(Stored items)
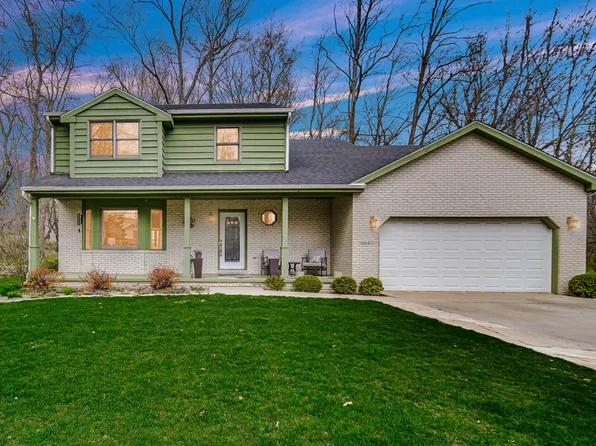 6640 Vienna Ave, Portage, IN 46368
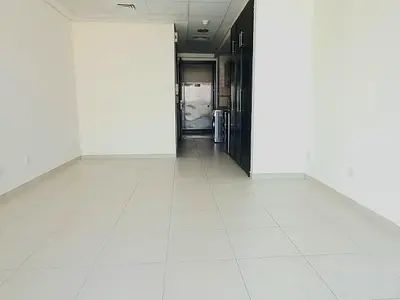 شقة استوديو | Goldcrest Views 2 | إطلالة على الشرفة والمسبح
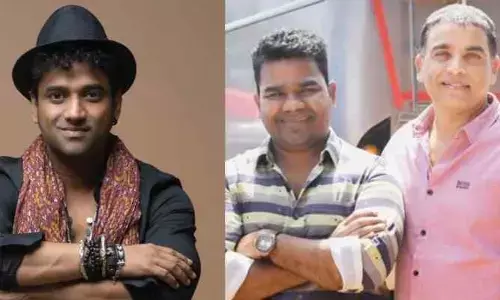 Yellamma: ఎల్ల‌మ్మ వ‌చ్చేస్తోంది...సంక్రాంతికి బిగ్ అప్డేట్‌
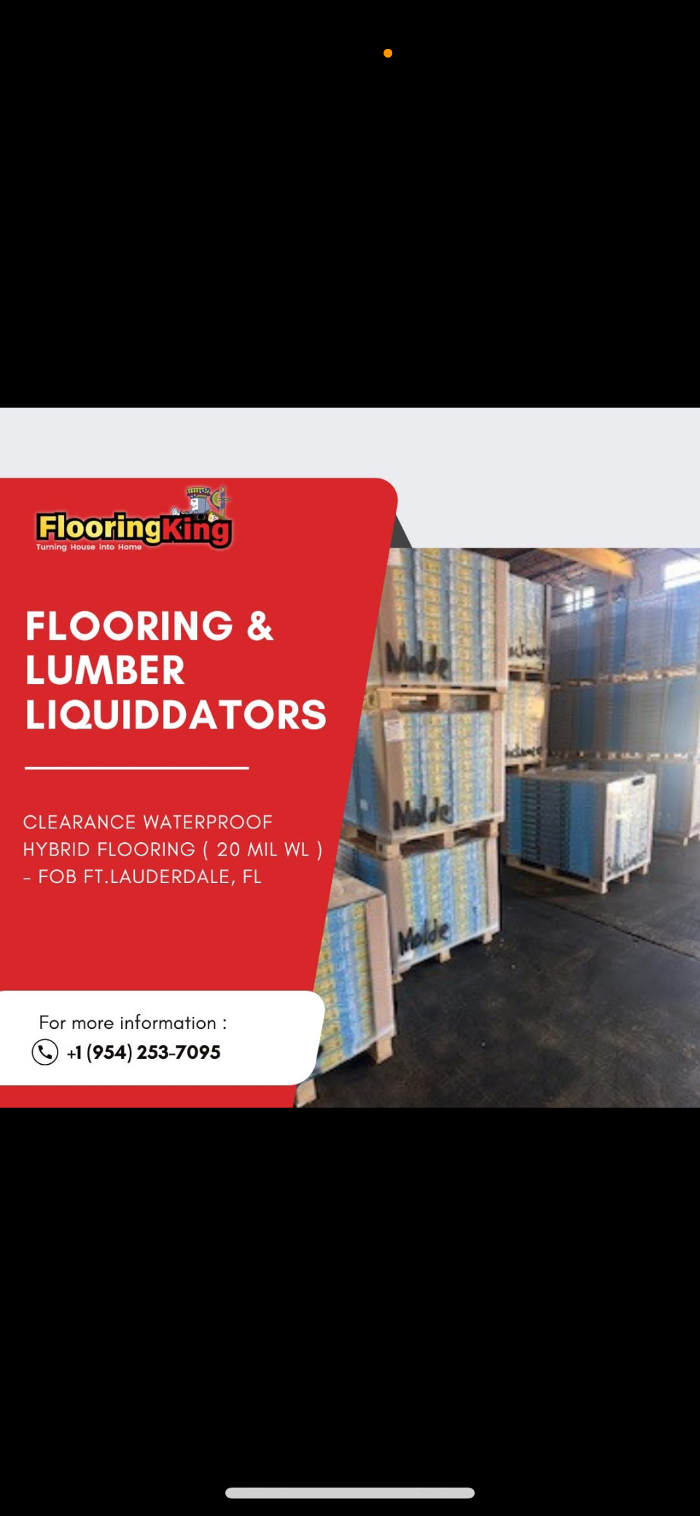 flooring king fort lauderdale - Fort Lauderdale, FL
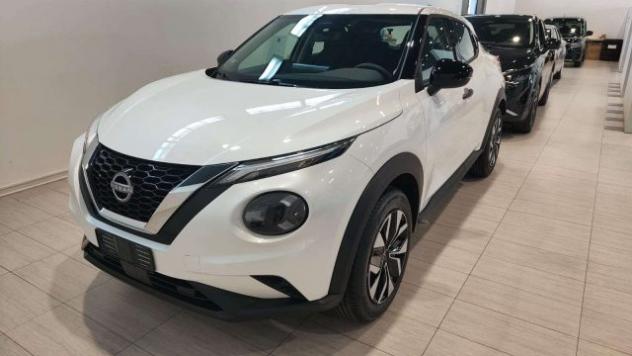 NISSAN Juke 1.0 DIG-T 114 CV Acenta rif. 24151682 - Foto 2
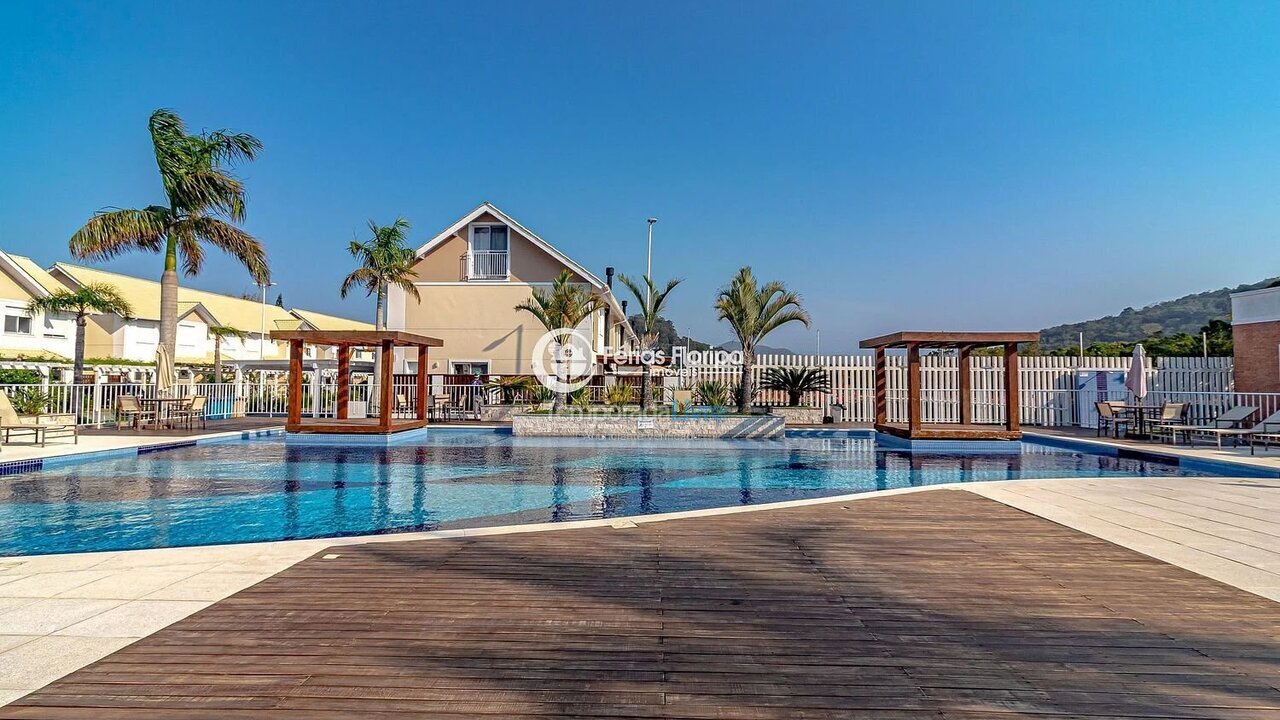Apartment for vacation rental in Florianópolis (Morro das Pedras)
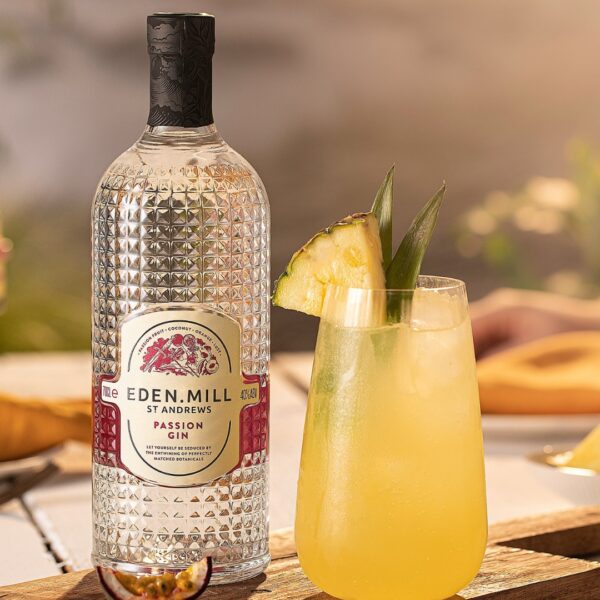 PASSION GIN - immagine 2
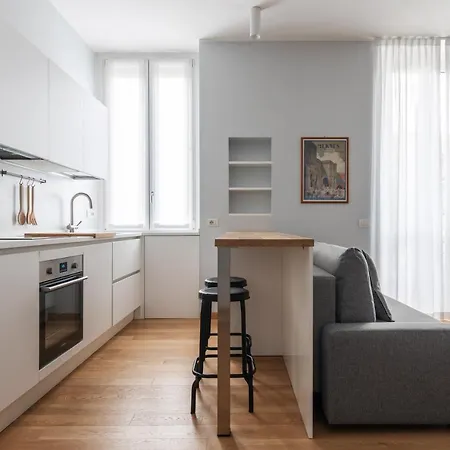 Appartement Easyhomes-eustachi *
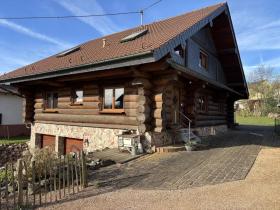 müstakil ev Satılık 'de Nohfelden-Sankt Wendel, Almanya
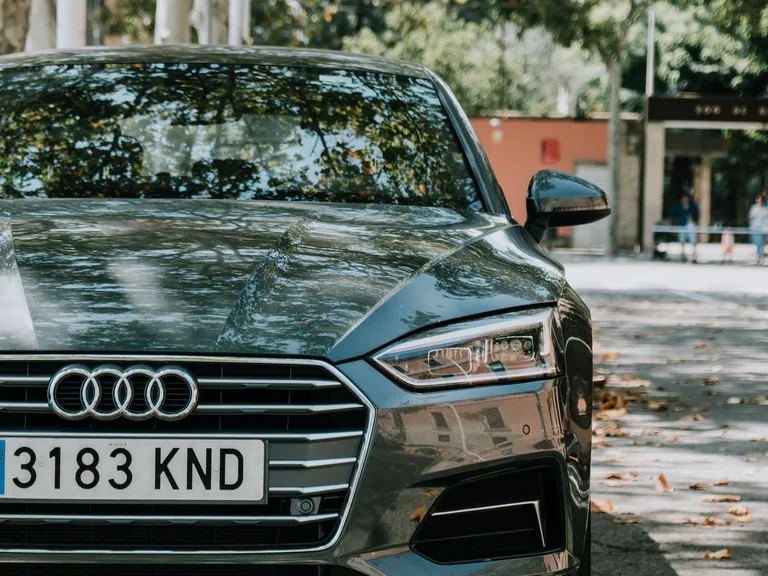 Audi: skrzynia i mechatronika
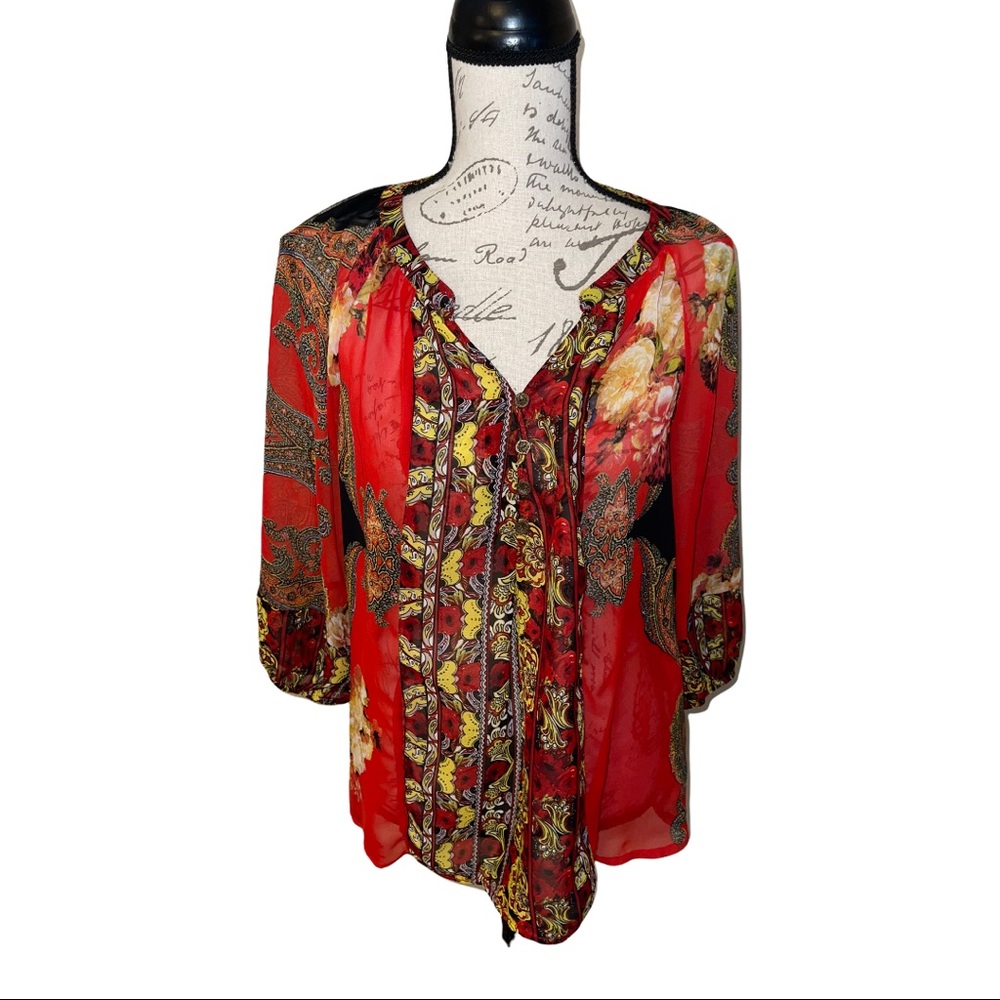 Figueroa & Flower Top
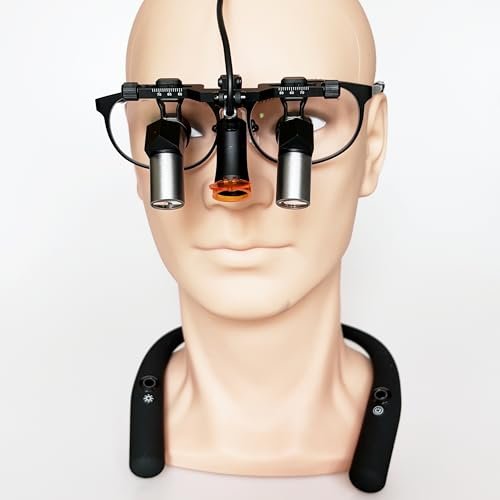 3.5X 4.5X 5.5X 6.5X Songzi Optics Titanium Frame Ergonomic...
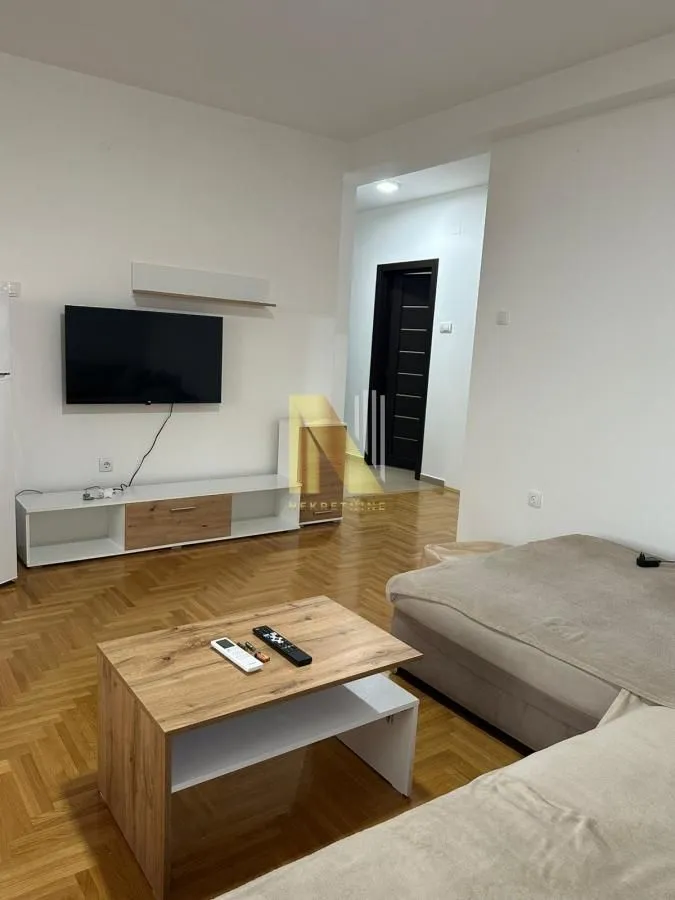 Rent, two bedroom apartment, 51m², Kertvaroš, Subotica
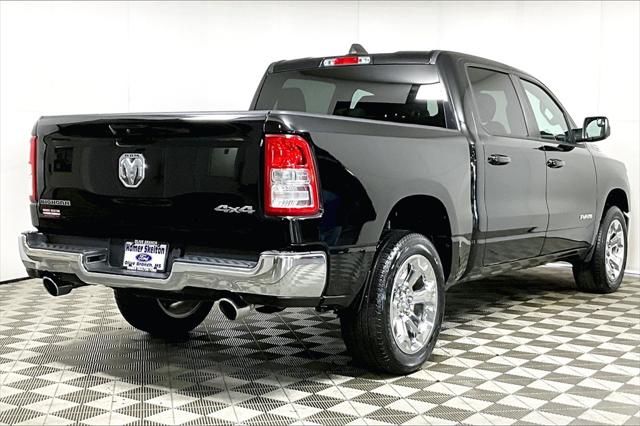 Used 2022 RAM 1500 For Sale in Olive Branch, MS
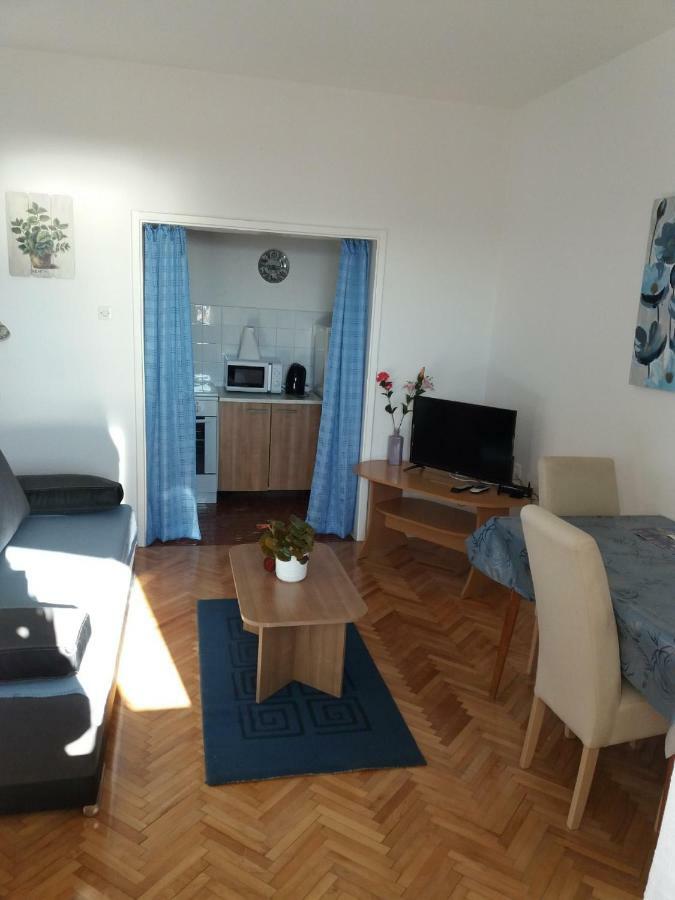 Ema Sun Apartment Dubrovnik Buitenkant foto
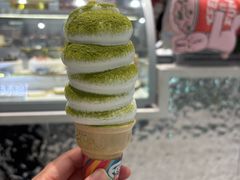 -DQ·蛋糕·冰淇淋(包河万达店)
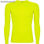 Prime undershirt s/10 yellow ROCA03652603 - Photo 3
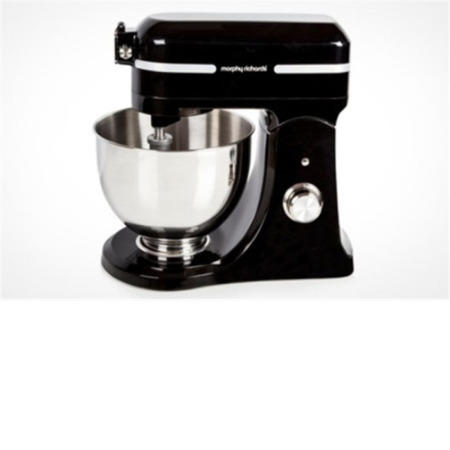 Morphy Richards 48427/MO Professional 800w Diecast
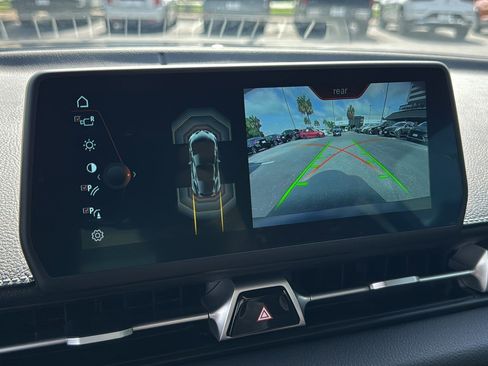 Used 2022 Toyota Supra w/ Safety & Technology Package image 29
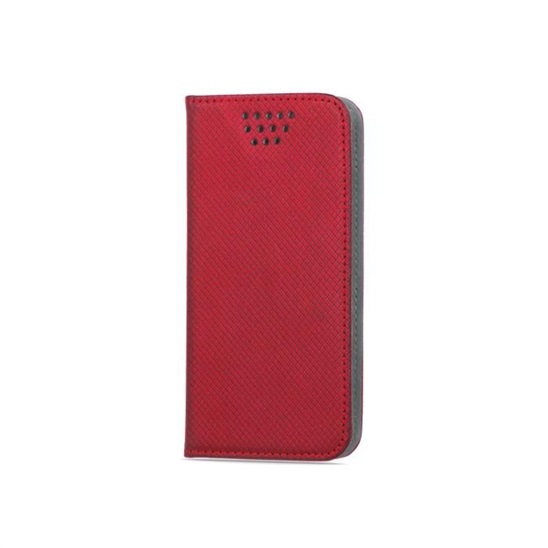 FOR pouzdro 4,7-5,3" červ. LCSSMUN-B53RE 5900495503343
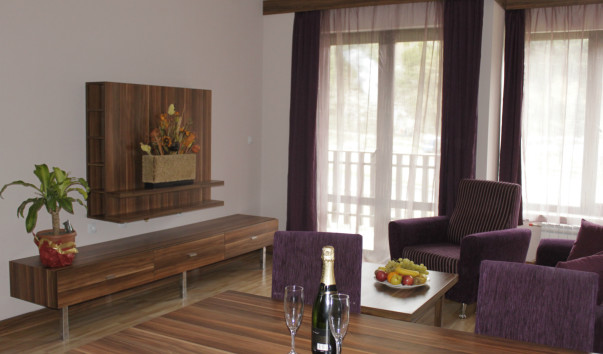 apartament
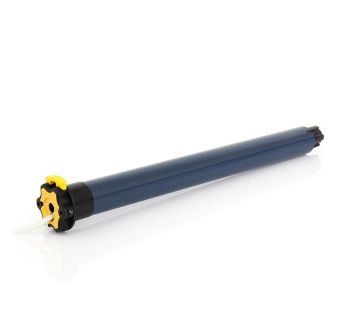 Verkabelter Motor für Rollladen von Somfy LT50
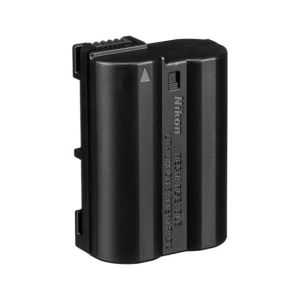 Nikon Rechargeable Li-ion Battery For Digital SLR Cameras (EN-EL15c)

WORK TO BE COMPLETED: Say again, exactly, only those lines of the records that run from the start through the line with "NISSAN Juke 1.0". Pictures are to be skipped.

RESPONSE TO THIS EXERCISE:
 6640 Vienna Ave, Portage, IN 46368
 شقة استوديو | Goldcrest Views 2 | إطلالة على الشرفة والمسبح
 Yellamma: ఎల్ల‌మ్మ వ‌చ్చేస్తోంది...సంక్రాంతికి బిగ్ అప్డేట్‌
 flooring king fort lauderdale - Fort Lauderdale, FL
 NISSAN Juke 1.0 DIG-T 114 CV Acenta rif. 24151682 - Foto 2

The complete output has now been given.